Budapest, 20 October 2022 – In 2022 Q2, the current account balance declined to a degree similar to that seen in the countries in the region, which was almost exclusively due to the worsening energy balance. Nevertheless, net external debt of the economy fell to a historically low level of 7 per cent of GDP. International reserves increased to EUR 37.5 billion, significantly exceeding short-term external debt, which is particularly watched by investors.
In 2022 Q2, Hungary’s four-quarter current account deficit and net borrowing of the economy amounted to 6.6 per cent and 3.3 per cent of GDP, respectively. The decline in external balance indicators, the degree of which is similar to that seen in the countries of the region, is primarily attributable to the decrease in the goods balance (which is related to the surging energy prices), while other items of the current account, such as the changes in the services, income and transfer balances, supported the improvement in the external balance.

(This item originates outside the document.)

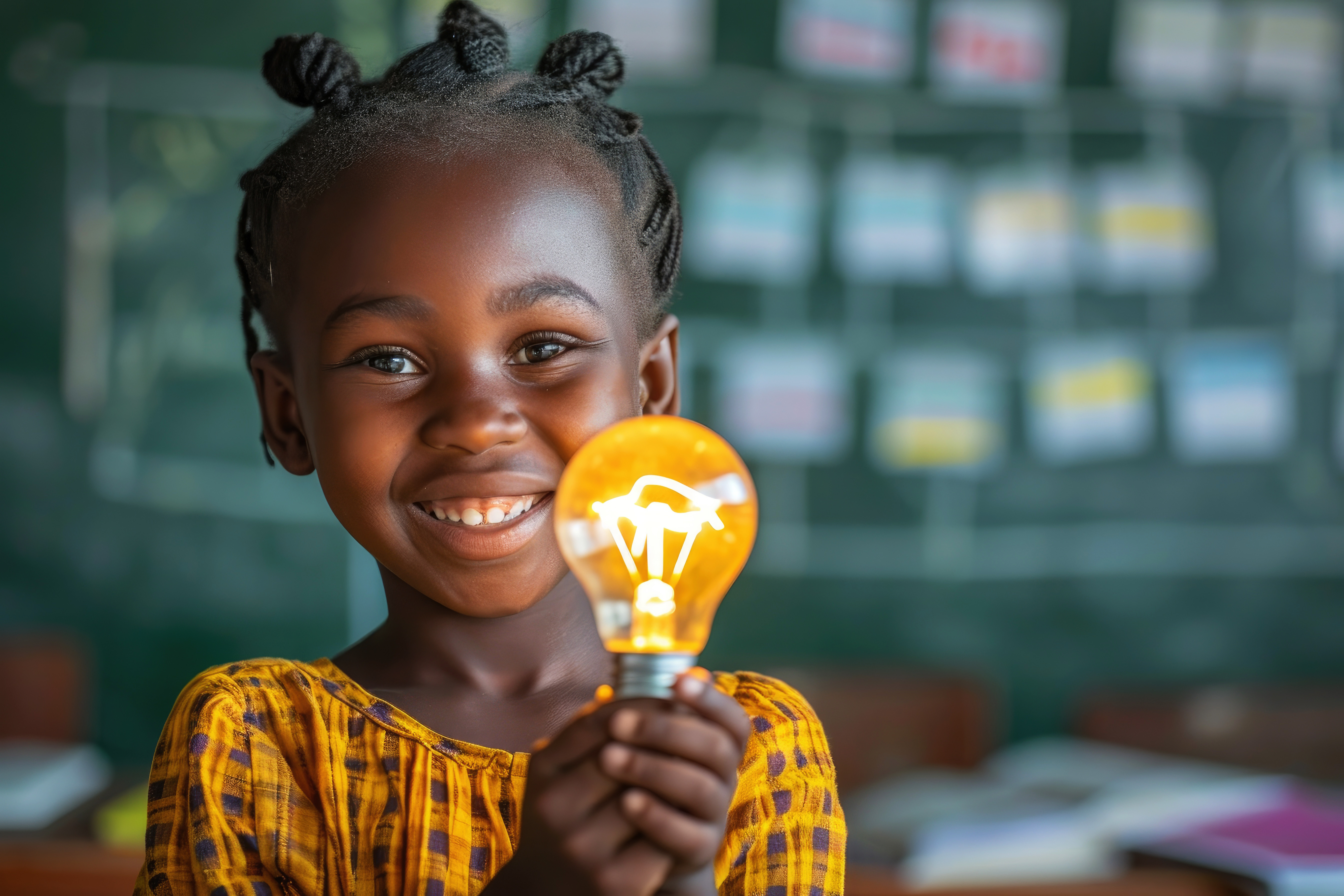 The smiling girl with shining lightbulb in her hand illustrates the natural link between consciousness, intelligence and knowledge. Her life is full of meaning in that moment.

The government’s net borrowing continued to decline in Q2 as well, and thus the higher external borrowing requirement is primarily attributable to a decrease in the private sector’s financial savings. During the quarter, net borrowing of the economy was financed partly by debt inflows related to the state and partly by net foreign direct investment. The latter even increased with net FDI inflows of almost 2.2 billion EUR in July.
As a result of revaluation and a major expansion in nominal GDP, external debt ratios declined, with the net indicator amounting at a historically low level of 7 per cent in June 2022. International reserves increased to 37.5 billion EUR, still significantly exceeded the level of short-term external debt, which is monitored most closely by investors.